• Task: Type out all the records word for word. Any pictures are to be left out.

• Exercise data:
· · · ·

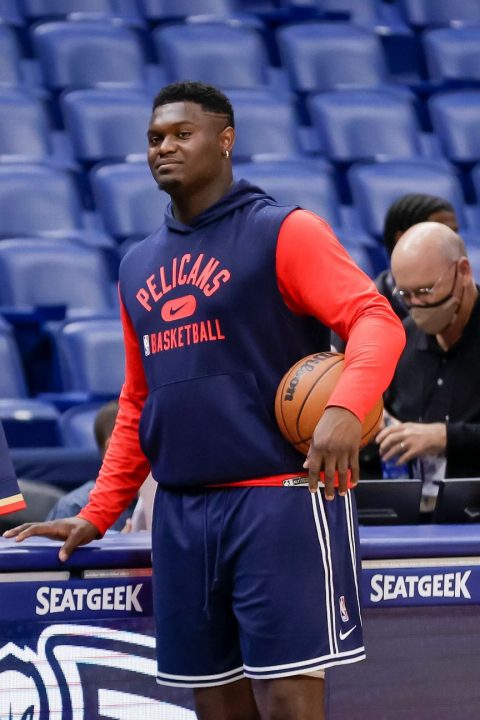 Zion ‘progressing,’ out at least 2-3 more weeks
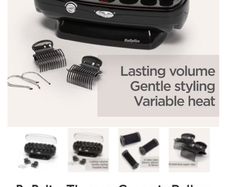 BaByliss ceramic rollers NEVER USED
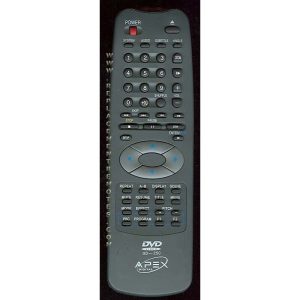 Apex SD250 DVD Remote Control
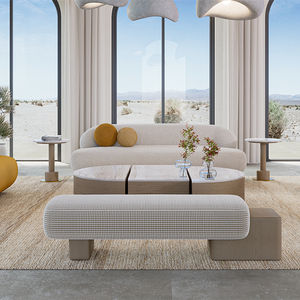 Роскошная современная тканевая скамья для прихожей с местом для переобувания, стильный дизайн для гардеробной, прикроватная, для гостиной, отеля, квартиры, в сборе - Product Image 2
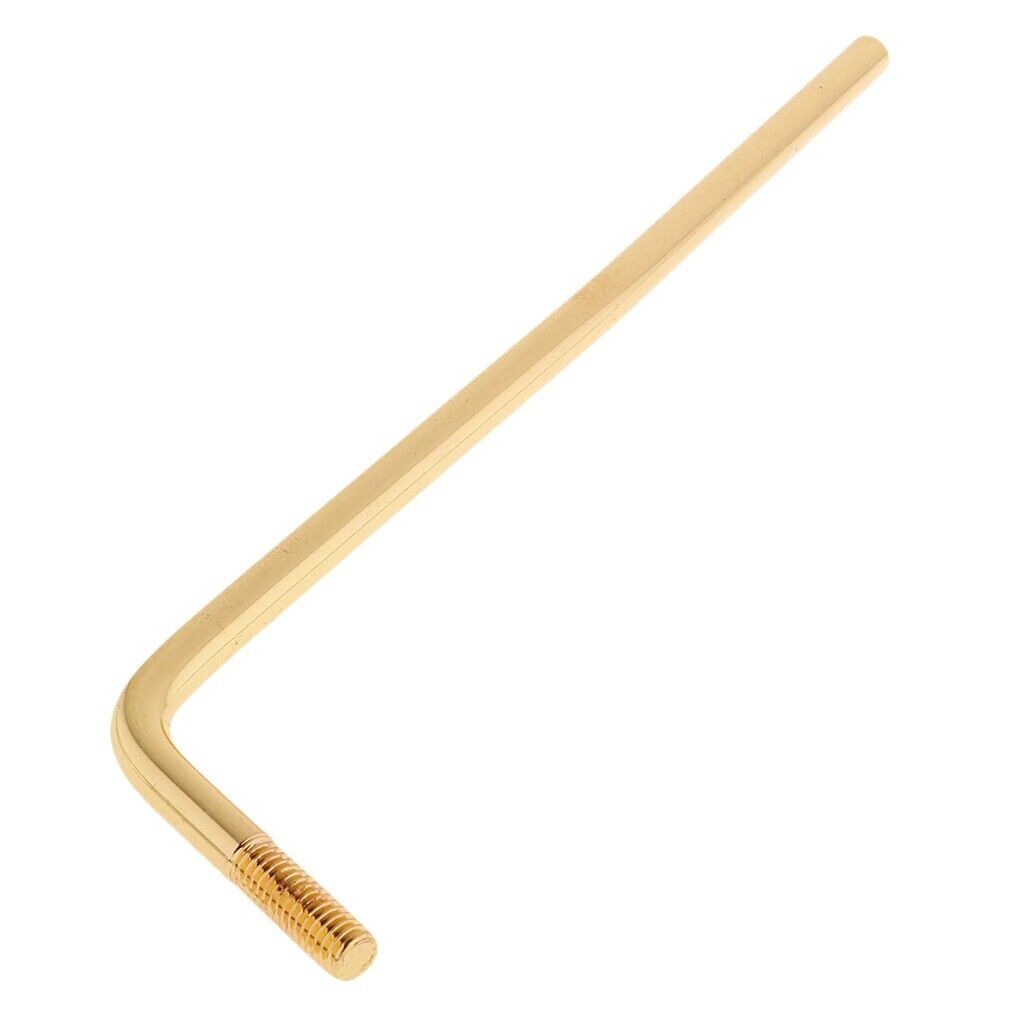 Gold Guitar 6MM Screw-in Bar Tremolo Whammy Arm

· · · ·

• Solution:
 Zion ‘progressing,’ out at least 2-3 more weeks
 BaByliss ceramic rollers NEVER USED
 Apex SD250 DVD Remote Control
 Роскошная современная тканевая скамья для прихожей с местом для переобувания, стильный дизайн для гардеробной, прикроватная, для гостиной, отеля, квартиры, в сборе - Product Image 2
 Gold Guitar 6MM Screw-in Bar Tremolo Whammy Arm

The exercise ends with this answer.